Aim of the exercise – The result should be an exact copy of the data, free of pictures.

Available data –
• • •
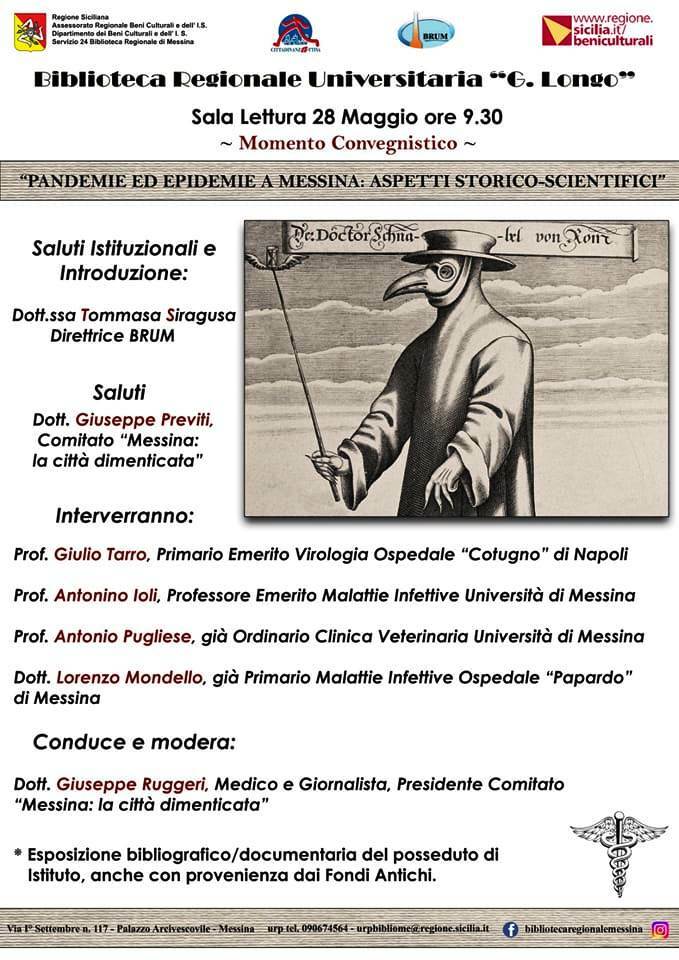 locandina pandemie ed epidemie a messina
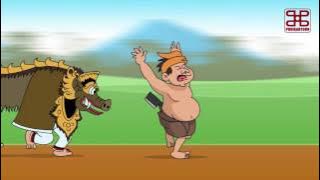 Funny Animation, Galungan and Barong Bangkung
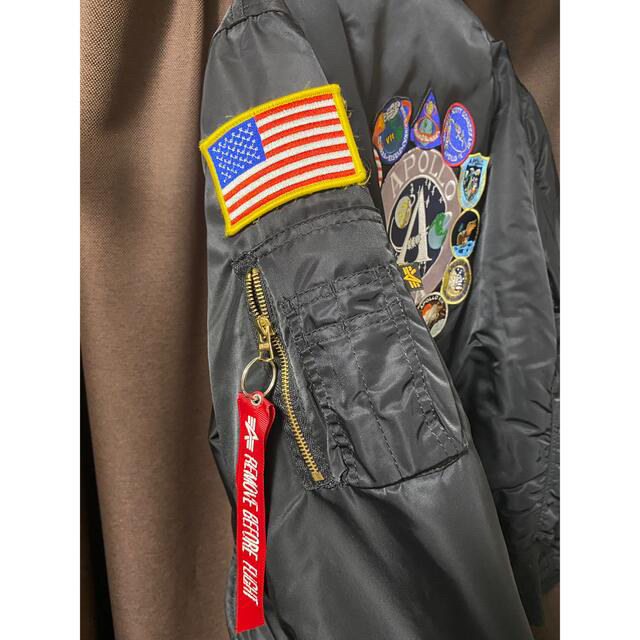 ALPHA INDUSTRIES(アルファインダストリーズ)のALPHA アルファ TA0113 MA-1 NASA APOLLO メンズのジャケット/アウター(フライトジャケット)の商品写真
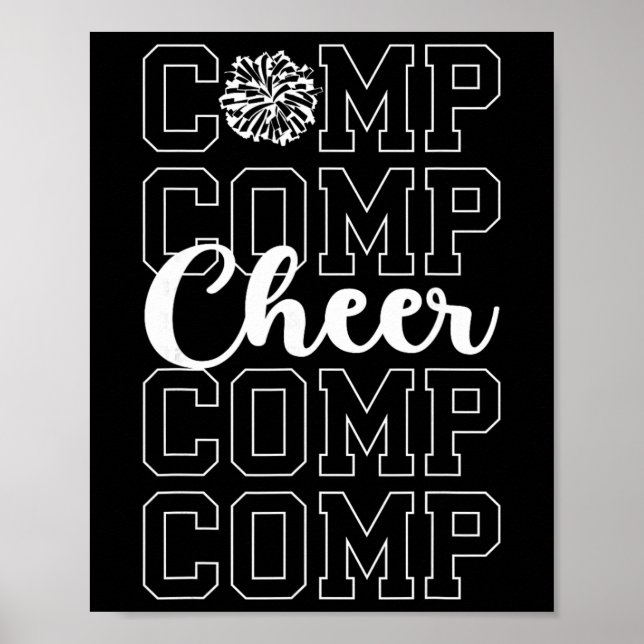 Cheer Comp Day Cheerleading Competition Day Cheerl Poster (Front)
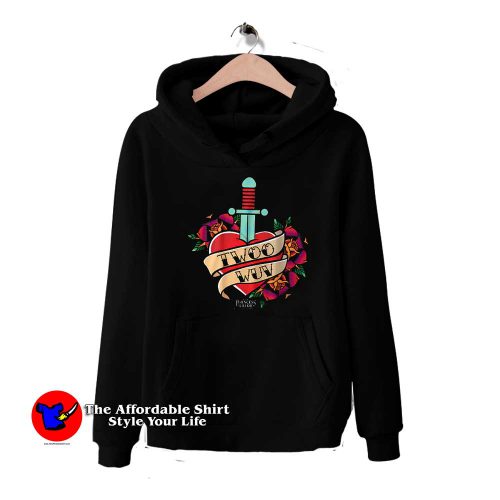 Ladies Twoo Wuv Princess Bride Hoodie 500x500 Ladies Twoo Wuv Princess Bride Hoodie On Sale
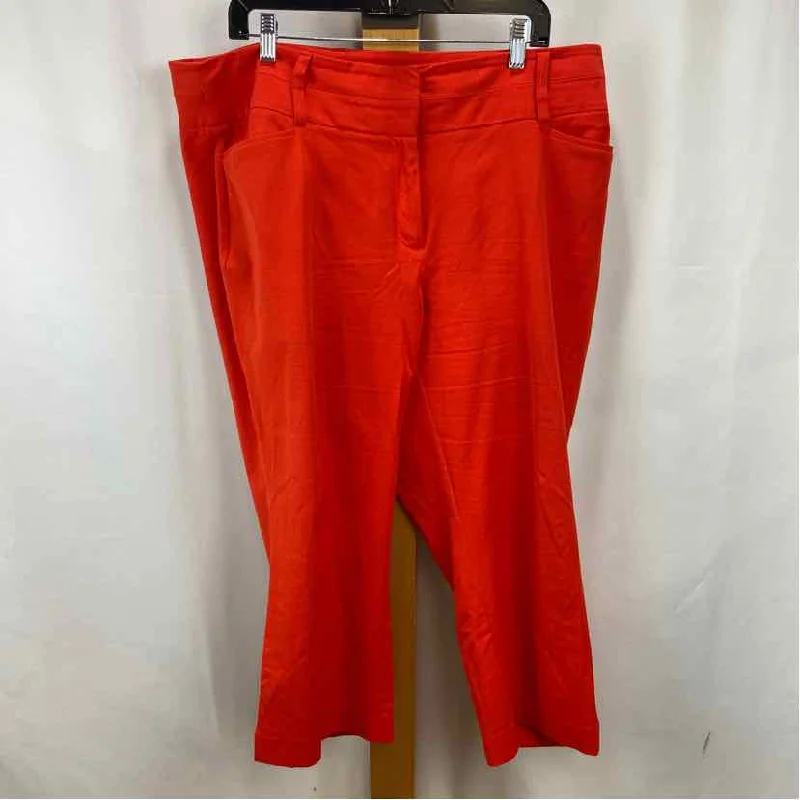 Lane Bryant Women's Size 18 Red Solid Capris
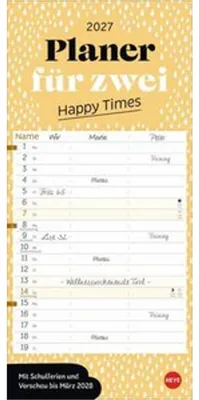 Produktbild von Deko-Slimplaner Happy Times 2027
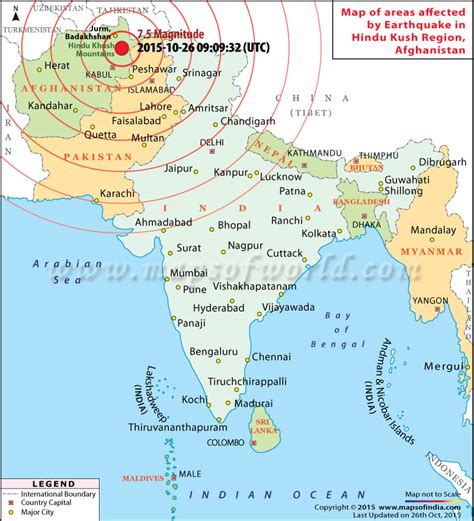 Earthquakes in Afghanistan | Areas affected by Earthquakes in Afghanistan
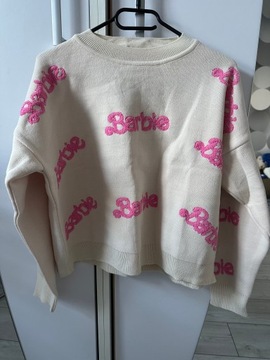 Nowy beżowy sweter barbie oversize S/M/L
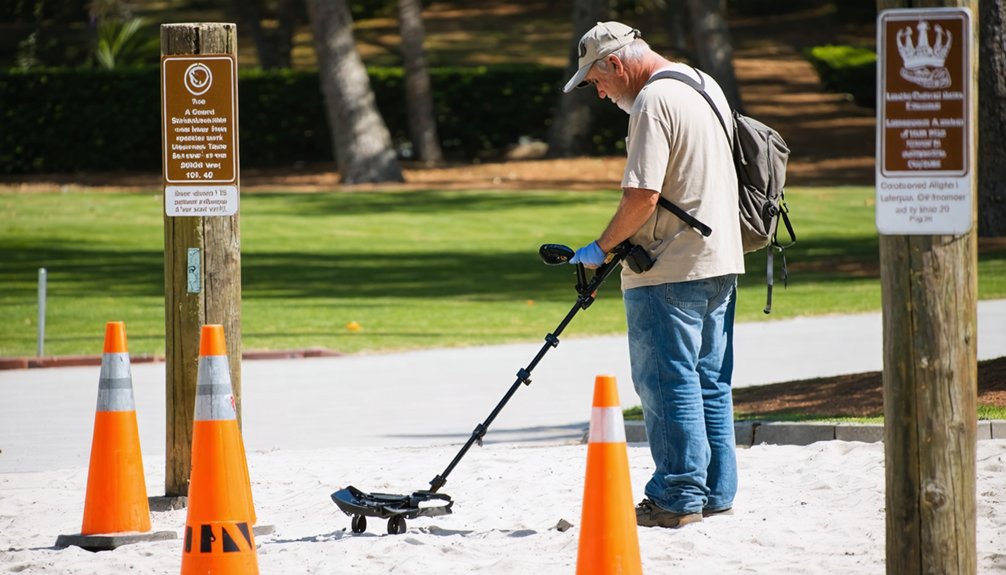 restricted metal detecting parameters for public lands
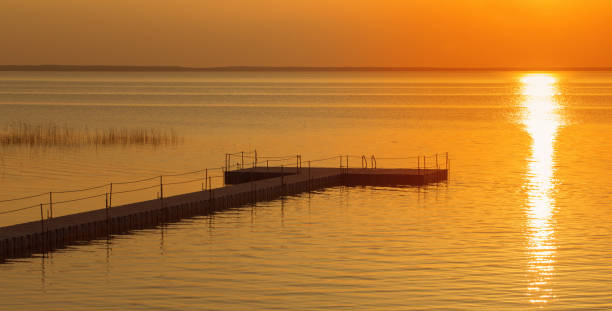 istock pontoon pier at beautiful summer sunset 1221644738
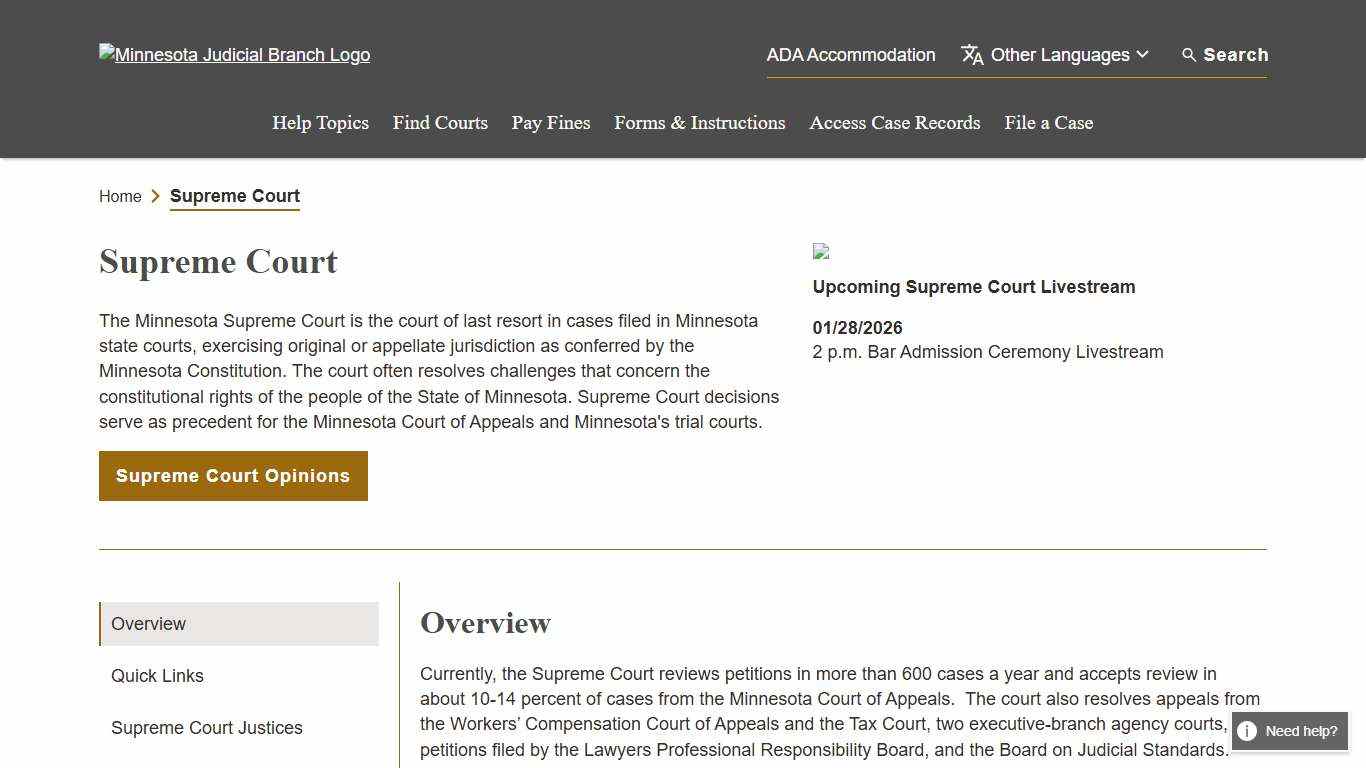 Minnesota Supreme Court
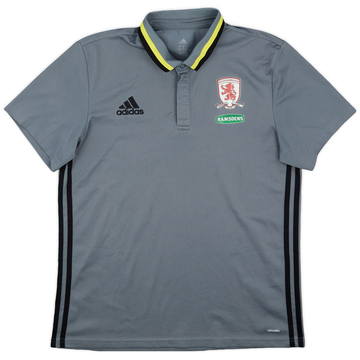 2016-17 Middlesbrough adidas Polo Shirt - 9/10 - (L)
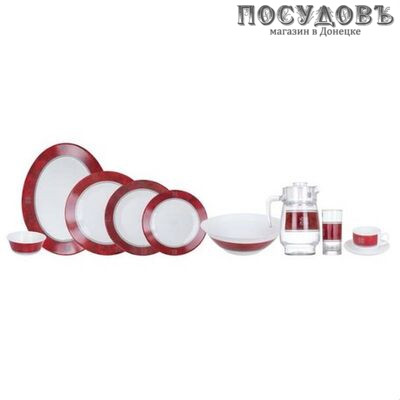 Luminarc Essence Rubis N4784 сервиз столовый стекло упрочненное 46 пр.
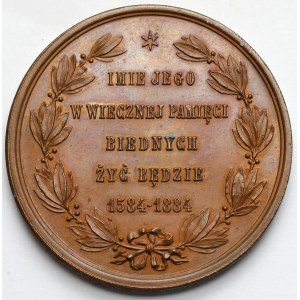 Medal, Peter Skarga - founding of the Brotherhood of Mercy, 1884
• • •
Finished task –
 locandina pandemie ed epidemie a messina
 Funny Animation, Galungan and Barong Bangkung
 ALPHA INDUSTRIES(アルファインダストリーズ)のALPHA アルファ TA0113 MA-1 NASA APOLLO メンズのジャケット/アウター(フライトジャケット)の商品写真
 Cheer Comp Day Cheerleading Competition Day Cheerl Poster (Front)
 Ladies Twoo Wuv Princess Bride Hoodie 500x500 Ladies Twoo Wuv Princess Bride Hoodie On Sale
 Lane Bryant Women's Size 18 Red Solid Capris
 Produktbild von Deko-Slimplaner Happy Times 2027
 Earthquakes in Afghanistan | Areas affected by Earthquakes in Afghanistan
 Nowy beżowy sweter barbie oversize S/M/L
 restricted metal detecting parameters for public lands
 istock pontoon pier at beautiful summer sunset 1221644738
 Minnesota Supreme Court
 2016-17 Middlesbrough adidas Polo Shirt - 9/10 - (L)
 Luminarc Essence Rubis N4784 сервиз столовый стекло упрочненное 46 пр.
 Medal, Peter Skarga - founding of the Brotherhood of Mercy, 1884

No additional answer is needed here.